*THE PROBLEM*: Every line of the data below should be retyped exactly, with no images carried over.

======== INFORMATION SHOWN

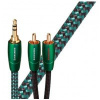 AudioQuest Evergreen 2x CINCH – Jack 3,5mm 0,6m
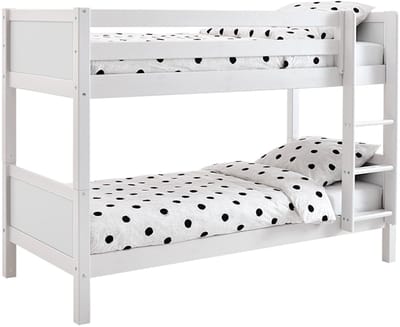 Flexworld Stapelbed Jip - 90 x 200 cm - wit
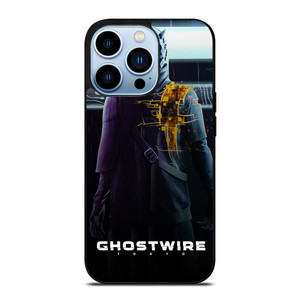 GHOSTWIRE TOKYO HANNYA GAMES iPhone 13 Pro Max Case Cover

================

*RESPONSE*:
 AudioQuest Evergreen 2x CINCH – Jack 3,5mm 0,6m
 Flexworld Stapelbed Jip - 90 x 200 cm - wit
 GHOSTWIRE TOKYO HANNYA GAMES iPhone 13 Pro Max Case Cover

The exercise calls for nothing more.